O confinamento para as pessoas que vivem sozinhas pode ser um encontro com a tormenta e, dificilmente, conseguem pensar em Deus. De facto, para o crente, a oração é sempre uma possibilidade de se dar conta de que nunca estará só. Mas a presença de Deus não é física, e todo o ser humano vive com os sentidos que tem, pelo que a experiência de solidão precisa de se transformar numa de solitude. É aqui que entra o encontro com a natureza para podermos, no final, encontrar Deus.

Não me refiro a um inactivo passear por um jardim, ou espaço natural que fica a km de distância, mas a uma caminhada activa a notar em coisas novas. Reparaste alguma vez que os ramos de algumas árvores crescem num dos lados quase na horizontal, e no lado oposto na vertical? Isso indica a orientação norte-sul porque os ramos a Sul mais facilmente captam a luz do Sol, enquanto os ramos a Norte precisam de se erguer — por assim dizer — para captar a luz. Ou reparaste alguma vez nas diferentes formas das folhas das árvores, ou tipo de flores no mais escondido recanto entre dois prédios? Existe tanto para notar que por mais passeios que façamos, ou por mais que contemplemos a natureza a partir do interior das nossas casas, existem sempre detalhes que nos escapam. Como podem servir para encontrarmos Deus?

Notar em coisas novas faz despertar a nossa curiosidade, mas, sobretudo, o nosso sorriso. Quando comecei a fazer esta experiência de notar em coisas novas nas minhas caminhadas, comecei a reparar que não parava de sorrir e no meu pensamento brotava um espontâneo louvor a Deus pela Sua criação. Melhor, percebi como me revelava a Sua presença na mais pequena novidade.
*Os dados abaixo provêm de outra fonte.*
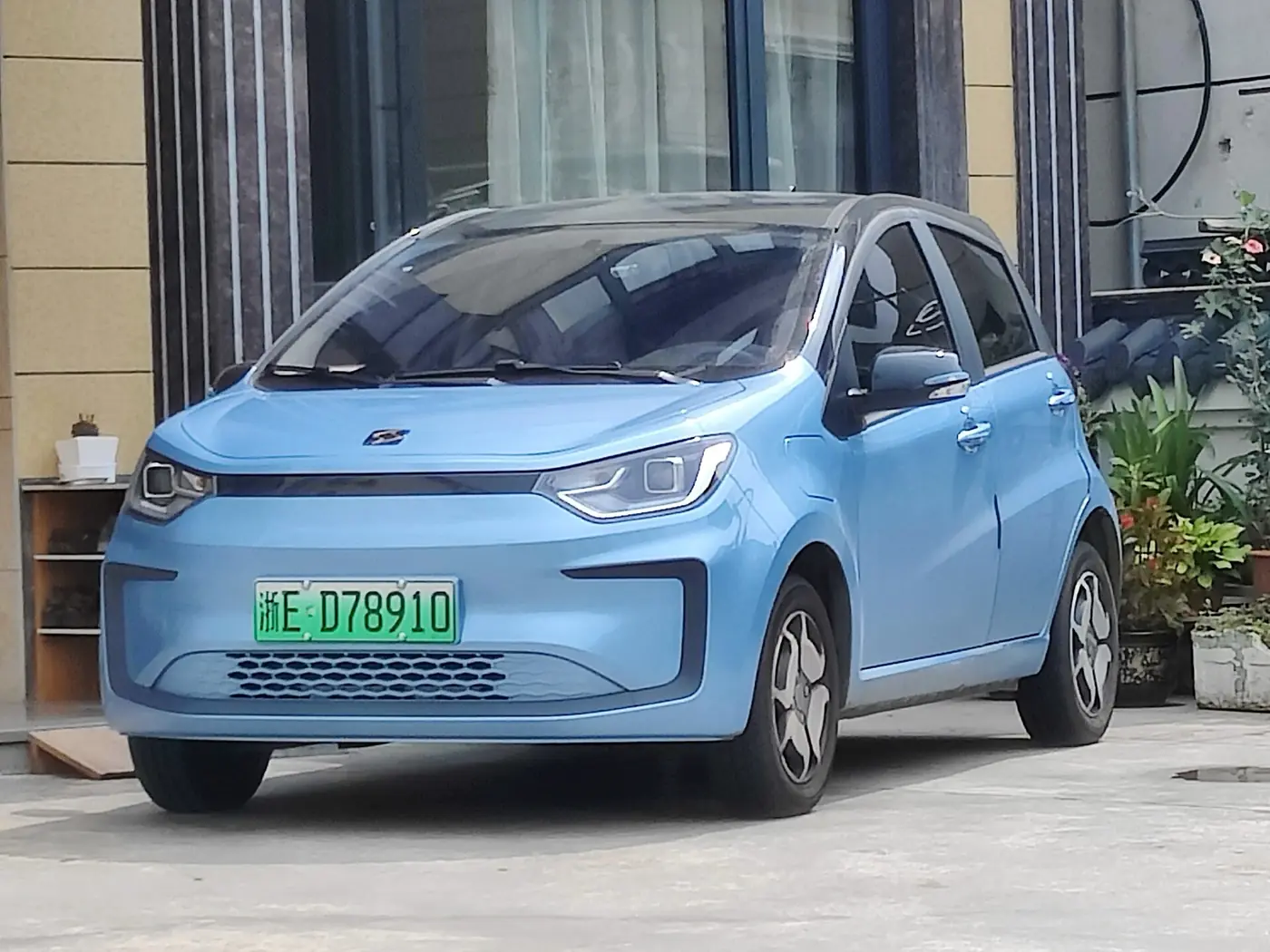 JAC E10X 2026, vista 3/4 frontal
O desânimo diante do confinamento pode levar-nos a um desgaste interior que nos impede de explorar continuamente a vida profunda que nos é dada. E o sofrimento que entra no horizonte de conhecimento pelos fluxos de informação pode levar-nos, recorrentemente, à “outra” questão da “localização” de Deus. Mas a experiência cristã é a de que se procuras Deus, encontrarás. Mas aquele que se abre ao encontro com Deus acaba por se aperceber de que Ele já vinha, há muito, ao seu encontro.

Vale a pena fazer esta inversão de questão para sabermos aprender a encontrar Deus. E isto pela simples razão de ser uma aprendizagem que não só muda a nossa vida, mas que fica para toda a vida. Nunca é tarde para (re)começar.